[Python-bugs-list] [ python-Bugs-594893 ] printing email object deletes whitespace

Tue, 10 Sep 2002 13:52:21 -0700

Bugs item #594893, was opened at 2002-08-14 00:59
You can respond by visiting: 
https://sourceforge.net/tracker/?func=detail&atid=105470&aid=594893&group_id=5470

Category: Python Library
Group: Python 2.3
Status: Open
Resolution: None
Priority: 5
Submitted By: Skip Montanaro (montanaro)
Assigned to: Barry A. Warsaw (bwarsaw)
Summary: printing email object deletes whitespace

Initial Comment:
I certain situations when printing email Message objects (I think), 
whitespace in headers disappears.  The attached zip file 
demonstrates this problem.  In email.orig, there is a line break 
followed by a TAB in the X-Vm-v5-Data header at the end of the 
first continuation line.  In email.new, which was generated by 
printing an email.Message object, the line break and TAB are gone, 
but no SPACE was inserted in their place.

This example is from a larger program which reads in a Unix 
mailbox like so:

    msgdict = {}
    i = 0
    for msg in mailbox.PortableUnixMailbox(f,
                                 email.Parser.Parser().parse):
        subj = msg["subject"]
        item = msgdict.get(subj) or []
        item.append((i, msg))
        msgdict[subj] = item
        i += 1

runs through msgdict and deletes a bunch of messages matching 
various criteria, then prints out those which remain retaining the 
relative order they had in the original mailbox:

    msglist = []
    for val in msgdict.values():
        msglist.extend(val)
    msglist.sort()
    for i,msg in msglist:
        print msg

email.orig was plucked from the input mailbox and email.new from 
the output mailbox.

----------------------------------------------------------------------

>Comment By: Barry A. Warsaw (bwarsaw)
Date: 2002-09-10 16:52

Message:
Logged In: YES 
user_id=12800

> Will that also solve the problem of space getting deleted?

I'm not sure, give it a try! :)  If not, then I think we'll
add maxheaderlen=-1 to mean do no wrapping or filling of
header values (which *should* take care of the problem).

----------------------------------------------------------------------

Comment By: Skip Montanaro (montanaro)
Date: 2002-09-10 16:45

Message:
Logged In: YES 
user_id=44345

> Why treat just the X-* header specially?

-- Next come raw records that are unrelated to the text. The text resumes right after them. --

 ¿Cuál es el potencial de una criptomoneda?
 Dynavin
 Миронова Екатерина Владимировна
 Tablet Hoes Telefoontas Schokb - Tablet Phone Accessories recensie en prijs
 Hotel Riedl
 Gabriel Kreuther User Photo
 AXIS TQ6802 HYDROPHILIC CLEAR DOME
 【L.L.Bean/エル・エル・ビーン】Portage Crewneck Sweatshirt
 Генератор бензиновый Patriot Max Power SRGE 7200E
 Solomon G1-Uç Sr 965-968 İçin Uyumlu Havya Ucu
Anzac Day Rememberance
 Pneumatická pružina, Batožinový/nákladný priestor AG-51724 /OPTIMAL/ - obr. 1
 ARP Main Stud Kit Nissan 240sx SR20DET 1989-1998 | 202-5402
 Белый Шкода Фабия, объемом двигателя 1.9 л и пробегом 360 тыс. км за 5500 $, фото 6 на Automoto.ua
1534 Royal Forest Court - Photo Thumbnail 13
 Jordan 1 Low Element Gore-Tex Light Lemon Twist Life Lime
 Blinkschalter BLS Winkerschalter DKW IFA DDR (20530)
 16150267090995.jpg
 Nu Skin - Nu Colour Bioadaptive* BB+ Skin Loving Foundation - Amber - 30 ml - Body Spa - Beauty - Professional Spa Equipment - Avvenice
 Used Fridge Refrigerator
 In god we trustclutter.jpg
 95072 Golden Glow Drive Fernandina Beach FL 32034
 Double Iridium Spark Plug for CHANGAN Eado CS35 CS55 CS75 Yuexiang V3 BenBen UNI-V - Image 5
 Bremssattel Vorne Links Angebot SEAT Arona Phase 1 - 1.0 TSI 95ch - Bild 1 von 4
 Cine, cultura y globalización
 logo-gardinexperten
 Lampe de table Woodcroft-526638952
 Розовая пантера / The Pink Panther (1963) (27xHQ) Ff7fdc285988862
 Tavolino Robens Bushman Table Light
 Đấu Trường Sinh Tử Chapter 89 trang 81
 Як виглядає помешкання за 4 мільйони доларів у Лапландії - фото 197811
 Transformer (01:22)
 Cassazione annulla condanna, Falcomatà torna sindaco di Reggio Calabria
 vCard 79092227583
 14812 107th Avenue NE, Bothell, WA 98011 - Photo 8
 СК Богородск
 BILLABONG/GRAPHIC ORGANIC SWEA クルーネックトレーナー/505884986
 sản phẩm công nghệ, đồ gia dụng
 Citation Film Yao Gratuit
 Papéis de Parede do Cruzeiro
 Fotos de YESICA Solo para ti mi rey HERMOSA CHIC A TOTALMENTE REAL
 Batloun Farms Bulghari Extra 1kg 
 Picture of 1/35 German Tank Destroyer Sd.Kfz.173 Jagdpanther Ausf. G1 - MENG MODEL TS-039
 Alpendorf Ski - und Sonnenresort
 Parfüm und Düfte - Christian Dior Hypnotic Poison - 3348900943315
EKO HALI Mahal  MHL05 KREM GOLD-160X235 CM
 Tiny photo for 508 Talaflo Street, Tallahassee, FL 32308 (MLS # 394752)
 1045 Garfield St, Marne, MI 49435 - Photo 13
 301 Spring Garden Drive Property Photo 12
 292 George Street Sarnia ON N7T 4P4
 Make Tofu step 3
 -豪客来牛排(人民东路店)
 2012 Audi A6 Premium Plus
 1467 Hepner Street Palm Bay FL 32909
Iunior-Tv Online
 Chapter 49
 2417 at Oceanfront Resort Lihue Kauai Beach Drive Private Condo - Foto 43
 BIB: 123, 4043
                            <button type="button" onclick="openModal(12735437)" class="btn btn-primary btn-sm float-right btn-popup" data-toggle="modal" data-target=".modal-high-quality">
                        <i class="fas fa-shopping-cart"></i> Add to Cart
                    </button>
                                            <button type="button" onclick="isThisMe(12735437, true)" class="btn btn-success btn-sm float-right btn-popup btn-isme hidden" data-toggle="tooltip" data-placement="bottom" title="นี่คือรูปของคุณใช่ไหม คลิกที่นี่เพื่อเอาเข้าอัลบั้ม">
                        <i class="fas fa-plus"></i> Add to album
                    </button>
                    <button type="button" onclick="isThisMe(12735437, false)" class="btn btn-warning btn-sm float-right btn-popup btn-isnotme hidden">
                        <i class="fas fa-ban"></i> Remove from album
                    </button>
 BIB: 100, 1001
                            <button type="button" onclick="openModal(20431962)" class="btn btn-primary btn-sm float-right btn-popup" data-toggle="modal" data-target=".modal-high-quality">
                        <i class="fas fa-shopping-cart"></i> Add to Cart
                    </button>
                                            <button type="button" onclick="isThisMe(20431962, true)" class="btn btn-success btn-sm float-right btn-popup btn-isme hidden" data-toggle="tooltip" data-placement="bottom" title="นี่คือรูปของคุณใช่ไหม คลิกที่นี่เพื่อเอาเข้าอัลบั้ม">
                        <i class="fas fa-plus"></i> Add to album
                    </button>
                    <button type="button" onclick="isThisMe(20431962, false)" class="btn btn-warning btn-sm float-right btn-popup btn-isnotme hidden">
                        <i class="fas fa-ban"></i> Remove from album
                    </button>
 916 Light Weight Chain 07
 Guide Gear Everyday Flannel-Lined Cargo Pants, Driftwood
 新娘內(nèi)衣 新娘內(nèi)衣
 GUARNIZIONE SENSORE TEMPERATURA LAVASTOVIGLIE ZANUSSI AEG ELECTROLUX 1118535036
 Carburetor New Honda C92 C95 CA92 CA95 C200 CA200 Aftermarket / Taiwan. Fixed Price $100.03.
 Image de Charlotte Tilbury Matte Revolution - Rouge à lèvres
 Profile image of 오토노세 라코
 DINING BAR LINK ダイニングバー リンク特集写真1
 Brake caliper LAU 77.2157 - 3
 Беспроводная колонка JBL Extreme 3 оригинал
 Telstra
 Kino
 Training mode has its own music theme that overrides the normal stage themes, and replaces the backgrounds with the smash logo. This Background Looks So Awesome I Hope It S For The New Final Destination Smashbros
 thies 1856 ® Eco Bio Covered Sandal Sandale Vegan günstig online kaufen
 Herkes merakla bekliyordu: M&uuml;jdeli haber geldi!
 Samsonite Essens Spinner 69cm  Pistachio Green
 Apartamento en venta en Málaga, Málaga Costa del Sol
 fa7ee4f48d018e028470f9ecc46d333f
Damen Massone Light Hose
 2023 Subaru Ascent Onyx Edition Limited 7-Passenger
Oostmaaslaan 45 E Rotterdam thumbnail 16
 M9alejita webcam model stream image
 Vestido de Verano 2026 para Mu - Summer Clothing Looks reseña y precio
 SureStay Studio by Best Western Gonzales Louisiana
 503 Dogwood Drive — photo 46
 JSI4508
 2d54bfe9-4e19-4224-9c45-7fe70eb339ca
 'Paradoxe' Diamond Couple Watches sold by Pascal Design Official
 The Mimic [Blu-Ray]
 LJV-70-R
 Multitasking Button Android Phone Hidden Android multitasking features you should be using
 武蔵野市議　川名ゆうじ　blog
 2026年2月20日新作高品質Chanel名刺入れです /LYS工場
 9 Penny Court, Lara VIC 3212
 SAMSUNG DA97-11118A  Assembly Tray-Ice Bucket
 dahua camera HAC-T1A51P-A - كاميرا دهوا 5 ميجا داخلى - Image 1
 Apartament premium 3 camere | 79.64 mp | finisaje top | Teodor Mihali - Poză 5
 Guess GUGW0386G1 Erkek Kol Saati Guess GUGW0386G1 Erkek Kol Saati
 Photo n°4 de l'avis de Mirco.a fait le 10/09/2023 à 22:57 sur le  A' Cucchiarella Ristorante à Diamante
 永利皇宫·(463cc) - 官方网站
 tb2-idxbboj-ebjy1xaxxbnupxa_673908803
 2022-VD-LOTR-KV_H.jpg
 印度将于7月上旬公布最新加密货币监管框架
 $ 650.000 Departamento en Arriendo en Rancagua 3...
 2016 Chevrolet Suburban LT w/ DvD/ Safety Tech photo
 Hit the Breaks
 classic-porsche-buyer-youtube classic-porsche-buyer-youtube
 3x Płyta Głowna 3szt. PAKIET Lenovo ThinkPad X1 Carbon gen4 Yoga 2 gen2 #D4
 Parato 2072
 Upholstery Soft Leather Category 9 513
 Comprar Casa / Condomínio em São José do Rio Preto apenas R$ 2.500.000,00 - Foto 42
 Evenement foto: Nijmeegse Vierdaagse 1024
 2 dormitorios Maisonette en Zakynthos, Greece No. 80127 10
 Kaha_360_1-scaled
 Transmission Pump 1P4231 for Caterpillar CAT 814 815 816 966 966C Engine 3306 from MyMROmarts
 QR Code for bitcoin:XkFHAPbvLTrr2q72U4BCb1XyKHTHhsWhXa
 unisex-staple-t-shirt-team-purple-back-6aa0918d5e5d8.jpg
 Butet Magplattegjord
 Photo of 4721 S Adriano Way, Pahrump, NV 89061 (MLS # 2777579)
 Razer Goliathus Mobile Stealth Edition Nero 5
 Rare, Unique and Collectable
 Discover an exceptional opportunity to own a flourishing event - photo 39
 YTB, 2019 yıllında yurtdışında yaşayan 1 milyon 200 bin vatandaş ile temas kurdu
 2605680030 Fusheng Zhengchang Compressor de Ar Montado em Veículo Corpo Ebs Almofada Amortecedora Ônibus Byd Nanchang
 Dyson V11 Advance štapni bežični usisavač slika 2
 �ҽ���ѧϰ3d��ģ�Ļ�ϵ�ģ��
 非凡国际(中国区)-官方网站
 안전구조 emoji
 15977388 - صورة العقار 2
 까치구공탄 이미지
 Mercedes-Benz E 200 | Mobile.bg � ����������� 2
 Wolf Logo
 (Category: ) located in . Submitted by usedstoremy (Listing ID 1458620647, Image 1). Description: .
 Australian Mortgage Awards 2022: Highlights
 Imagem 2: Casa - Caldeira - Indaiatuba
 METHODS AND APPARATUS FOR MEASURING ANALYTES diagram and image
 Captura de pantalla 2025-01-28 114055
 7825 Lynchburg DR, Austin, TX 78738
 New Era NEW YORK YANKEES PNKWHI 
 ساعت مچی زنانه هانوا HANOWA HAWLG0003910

Because of all the possible headers they are the ones we know the least 
about format-wise.  From my selfish perspective, they are the ones I am 
having the most trouble with... ;-)

I'd be happy to experiment with the maxheaderlen argument.  I wasn't 
aware it existed.  Will that also solve the problem of space getting 
deleted?

----------------------------------------------------------------------

Comment By: Barry A. Warsaw (bwarsaw)
Date: 2002-09-10 16:32

Message:
Logged In: YES 
user_id=12800

Why treat just the X-* header specially?

BTW, the reason headers are wrapped in the first place is
that RFC 2822 specifies hard and soft limits to header
lengths.  I think the hard limit is 998 characters, but it
is recommended that no header be longer than 78 characters
without wrapping.

OTOH, a header like the X-VM-... header is for internal use
only, so it's probably never used outside of your own
applications.  Note that you can suppress all wrapping by
setting the maxheaderlen argument in the Generator's
constructor to some outrageously large value (try 2000). 
Maybe a negative value should indicate that no wrapping of
any headers be done?  (Maybe limited to just non-encoded
headers?)

----------------------------------------------------------------------

Comment By: Skip Montanaro (montanaro)
Date: 2002-09-10 16:24

Message:
Logged In: YES 
user_id=44345

A slightly less wild idea - why not just suppress all folding/reformatting for 
X-* headers and instead always emit the raw header value that was in the 
original message?  That should solve the problem in the short term and 
allow you to come up with a suitable API for the longer term.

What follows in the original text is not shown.